For the first quarter, net earnings of Consolidated Edison plunged 40.6% to $180 million or $0.66 per share from $303 million or $1.11 per share in the same quarter a year ago.
Quarterly results reflect a loss from competitive energy business due to net mark-to-market effects amounting to $34 million or $0.12 per share, compared to a gain of $33 million or $0.12 per share in the prior year quarter. Mark-to-market or fair value accounting refers to the accounting standards of assigning a value to assets of the company based on the current market price.
Results also reflect changes in rate plans including lower allowed returns on equity and additional revenues designed to recover increases in certain operations and maintenance expenses, depreciation and property taxes, and interest charges.
Excluding items, earnings from ongoing operations were $214 million or $0.78 per share, down from $237 million or $0.87 per share in the year-earlier quarter.
On average, nine analysts polled by Thomson Reuters expected earnings of $0.86 per share for the quarter. Analysts' estimate typically excludes one-time items.
Kevin Burke President and Chief Executive Officer said, "Our first quarter results were in line with our expectations, which reflect a lower allowed return on equity for Con Edison of New York's electric service."
In the sequentially preceding fourth quarter, profit of Consolidated Edison dropped to $160 million or $0.58 per share on mark-to-market losses. Revenues were also down at $1.99 billion, compared to $3.23 billion in the same quarter last year.
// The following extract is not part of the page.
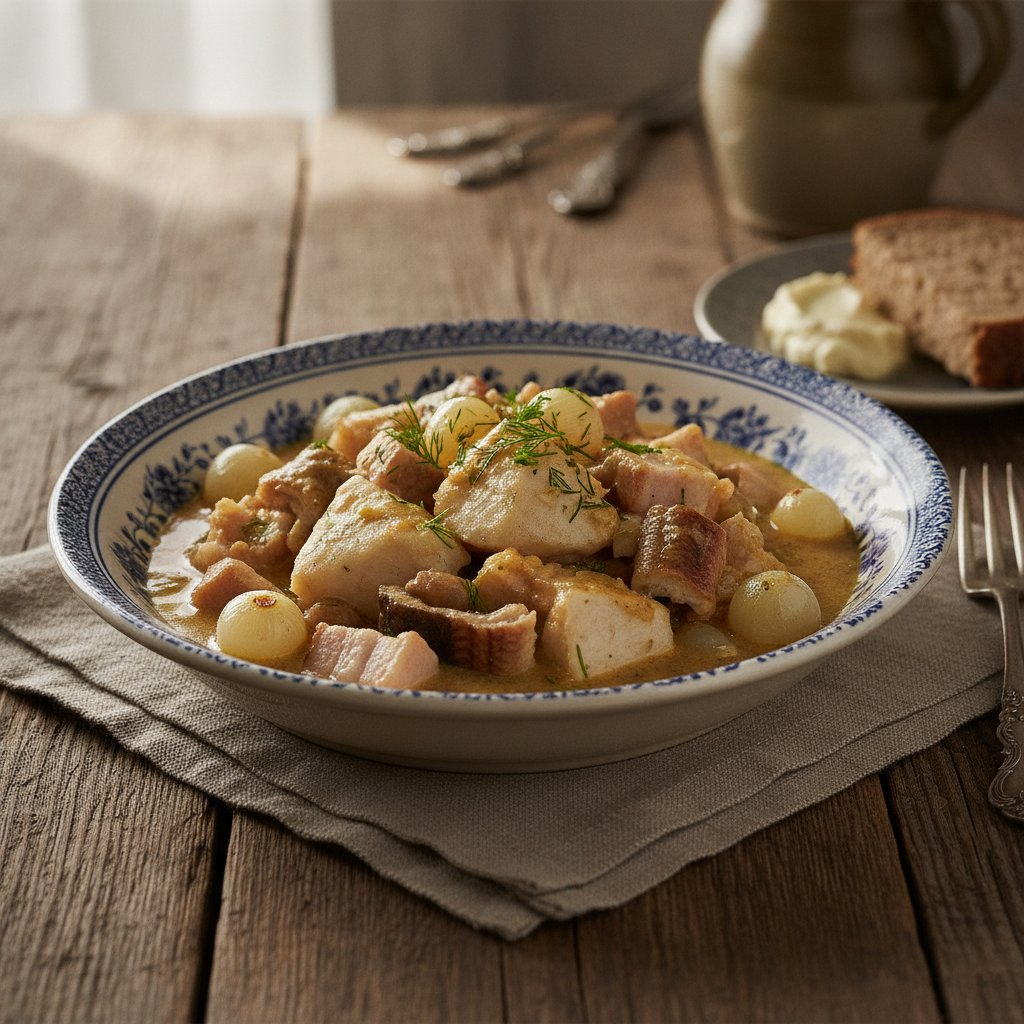 Karpfenragout mit Aal und Schweinefleisch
Among others in the industry, public utility holding company Ameren Corp. (AEE | Quote | Chart | News | PowerRating) reported a marginal rise in profit to $141 million or $0.66 per share, driven by higher net realized mark-to-market gains and lower costs. Total operating revenues, however, were down at $1.92 billion, compared to $2.08 billion in the same quarter a year ago.
For the quarter under review, Consolidated Edison said its operations and maintenance expenses were higher, compared to 2008, due to higher costs. Depreciation and property taxes also increased from the prior year reflecting primarily the impact of increased capital expenditures.
On April 7, 2009 brokerage Credit Suisse downgraded Consolidated Edison shares to 'Neutral' from 'Outperform,' with a mean target of $37.56.
ED is currently trading at $37.12, down $0.01 or $0.03%, on a volume of 0.56 million shares. In the last 52-week period, the stock traded in the range of $32.56 to $46.39, on a three-month average volume of 2.44 million shares.